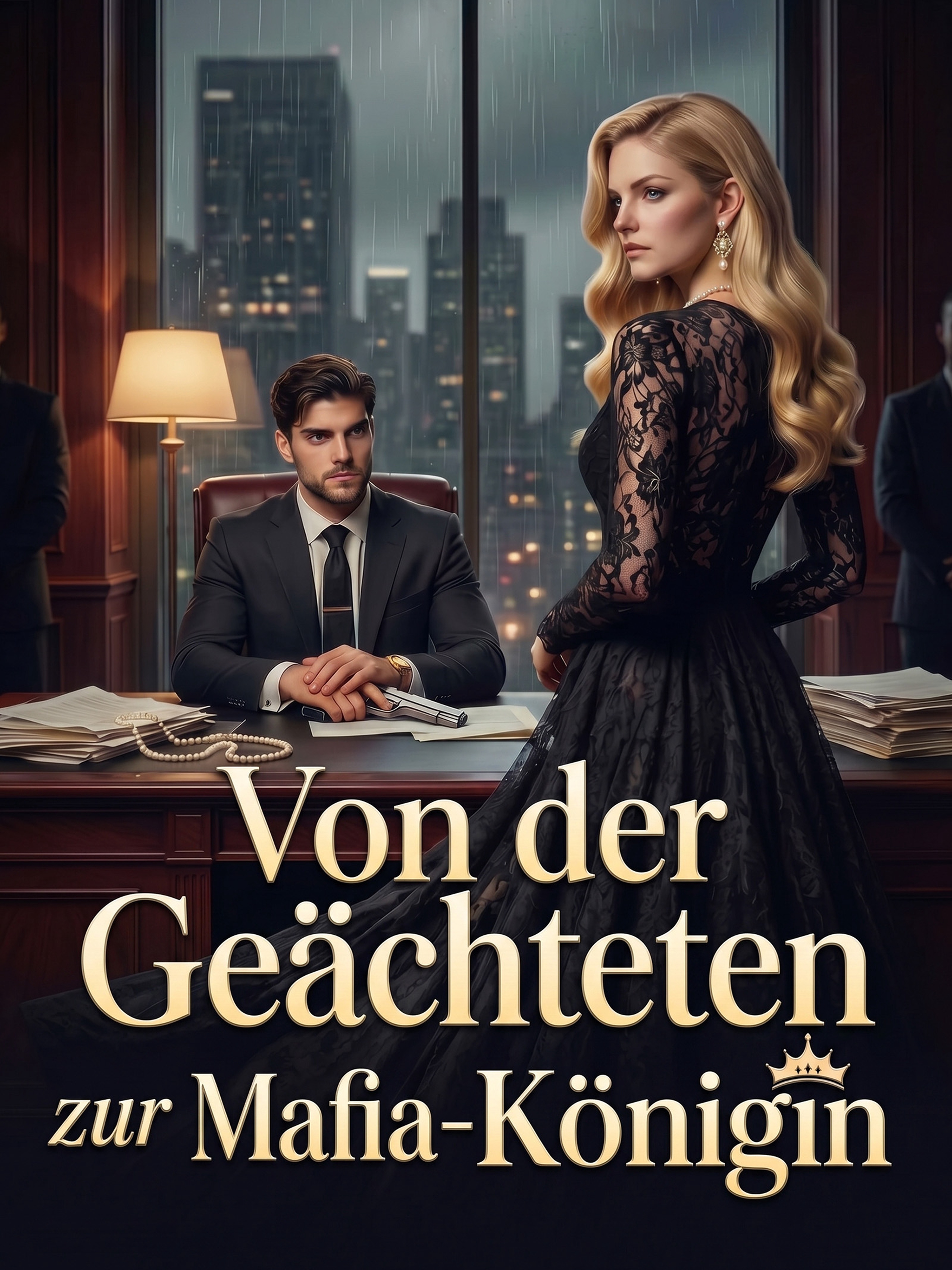 Von der Ausgestoßenen zur Mafia-Königin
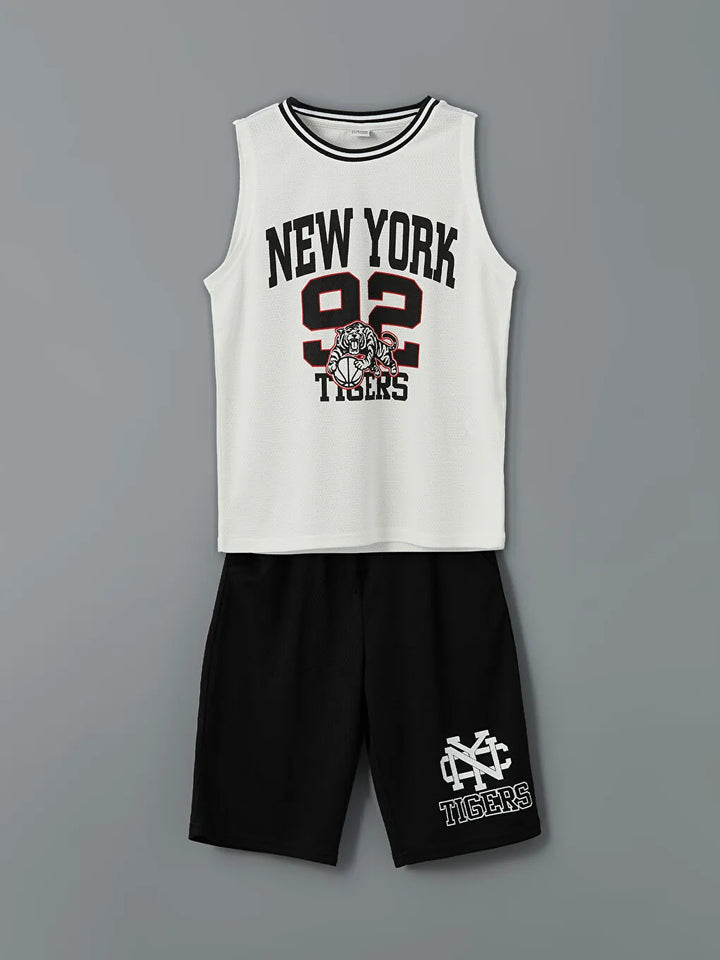 Ensemble Jersey pour Garçons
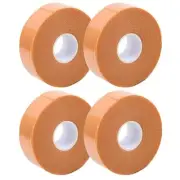 4 X Medical Tape Foam Waterproof First Aid 3/4" x 4 Yard Adhesive Tan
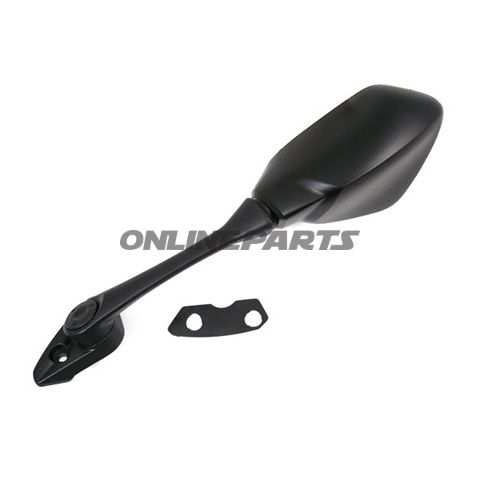 Mirror Black Left Jmp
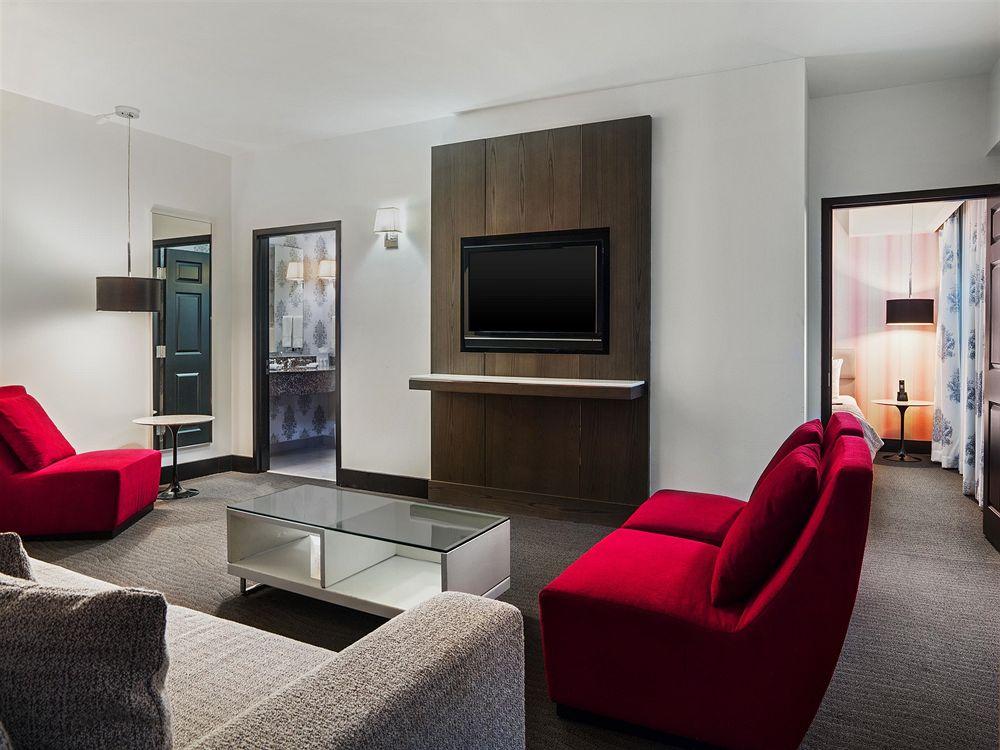 Le Meridien Dallas By The Galleria Екстериор снимка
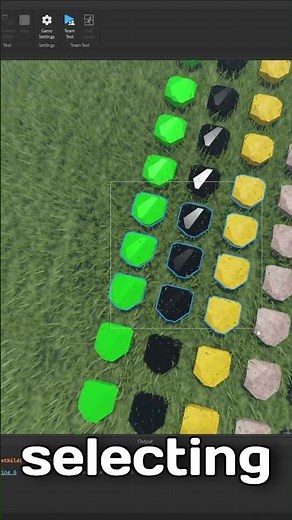 You NEED to be using these #robloxstudio keybinds! #robloxdev #roblox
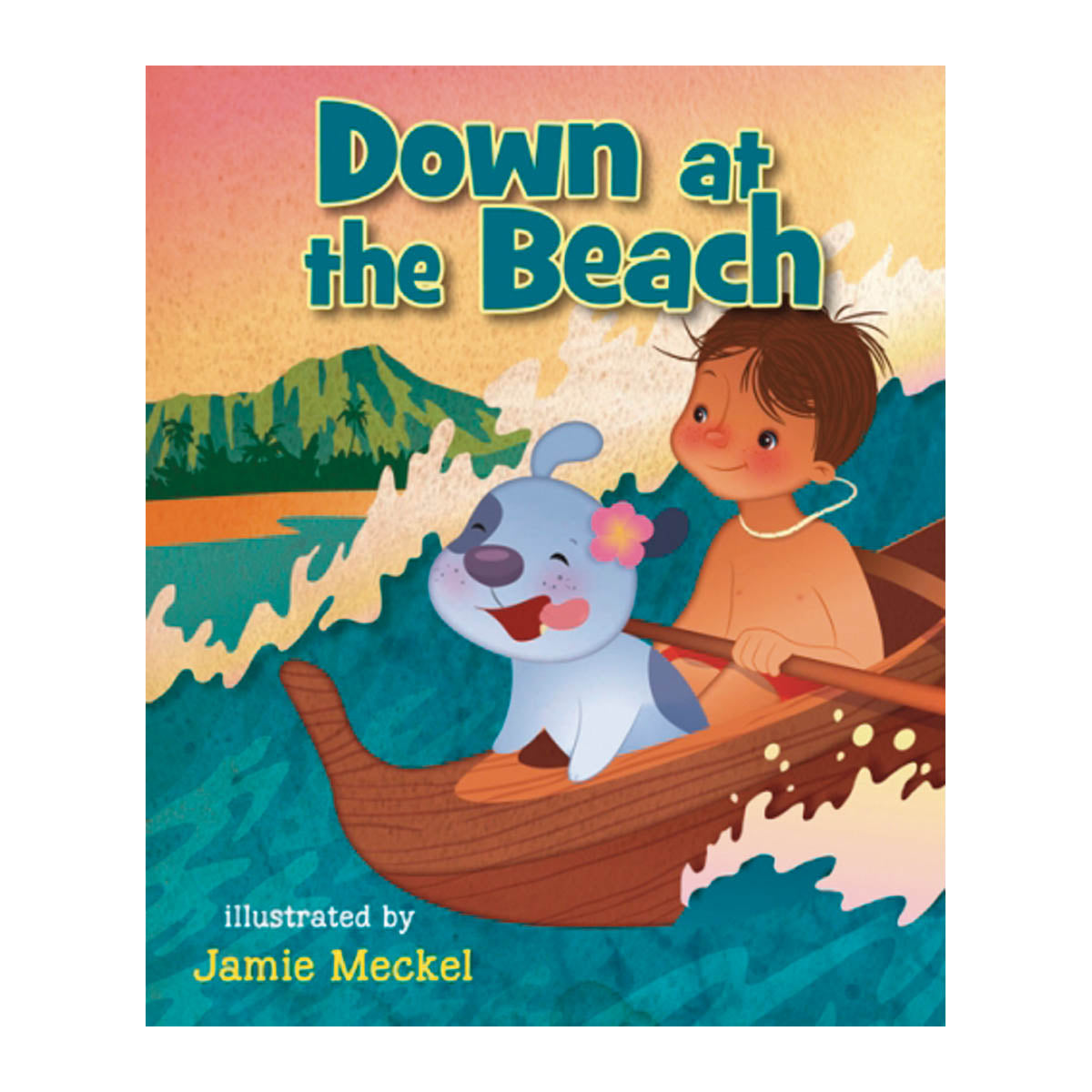 Down At the Beach
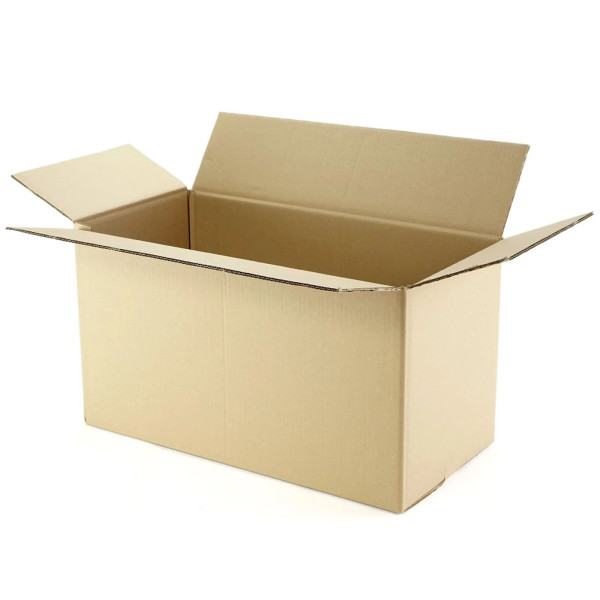 610x300x330mm zweiwellige Kartonagen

==================================================

■ **Exercise instructions**: Repeat nothing but the lines from the one containing "Mirror Black Left Jmp" through the last line of the listing, both included, exactly as written, and omit any picture.

■ **Answer box**:
 Mirror Black Left Jmp
 Le Meridien Dallas By The Galleria Екстериор снимка
 You NEED to be using these #robloxstudio keybinds! #robloxdev #roblox
 Down At the Beach
 610x300x330mm zweiwellige Kartonagen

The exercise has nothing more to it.